-- Work to be completed --
Copy each line below in which the string "Toyota" occurs.

-- Input for this task --
---+---
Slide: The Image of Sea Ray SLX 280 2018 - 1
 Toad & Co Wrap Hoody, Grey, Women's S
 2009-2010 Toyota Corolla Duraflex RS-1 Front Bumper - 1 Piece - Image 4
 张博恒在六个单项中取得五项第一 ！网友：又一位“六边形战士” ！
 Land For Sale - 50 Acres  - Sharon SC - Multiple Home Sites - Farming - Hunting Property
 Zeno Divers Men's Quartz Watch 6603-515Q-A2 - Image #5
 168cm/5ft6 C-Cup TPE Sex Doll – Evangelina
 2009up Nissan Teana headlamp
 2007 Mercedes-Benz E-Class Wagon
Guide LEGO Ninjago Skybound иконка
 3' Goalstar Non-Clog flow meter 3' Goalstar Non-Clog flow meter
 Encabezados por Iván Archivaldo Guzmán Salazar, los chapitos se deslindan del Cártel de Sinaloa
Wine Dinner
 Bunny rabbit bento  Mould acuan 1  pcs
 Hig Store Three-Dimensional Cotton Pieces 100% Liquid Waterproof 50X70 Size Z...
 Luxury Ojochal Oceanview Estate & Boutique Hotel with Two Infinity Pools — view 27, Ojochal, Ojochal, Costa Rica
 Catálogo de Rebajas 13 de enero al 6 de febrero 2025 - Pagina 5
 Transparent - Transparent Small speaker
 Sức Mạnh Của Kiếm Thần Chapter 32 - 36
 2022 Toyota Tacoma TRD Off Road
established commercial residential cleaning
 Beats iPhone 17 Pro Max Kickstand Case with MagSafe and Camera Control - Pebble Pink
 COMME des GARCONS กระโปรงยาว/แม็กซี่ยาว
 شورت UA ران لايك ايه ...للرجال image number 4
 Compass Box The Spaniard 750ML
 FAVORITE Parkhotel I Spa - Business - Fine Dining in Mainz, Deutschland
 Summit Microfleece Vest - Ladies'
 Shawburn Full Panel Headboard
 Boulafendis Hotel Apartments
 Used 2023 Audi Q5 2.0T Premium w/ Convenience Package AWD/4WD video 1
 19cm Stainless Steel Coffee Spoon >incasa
---+---
-- Your response --
 2009-2010 Toyota Corolla Duraflex RS-1 Front Bumper - 1 Piece - Image 4
 2022 Toyota Tacoma TRD Off Road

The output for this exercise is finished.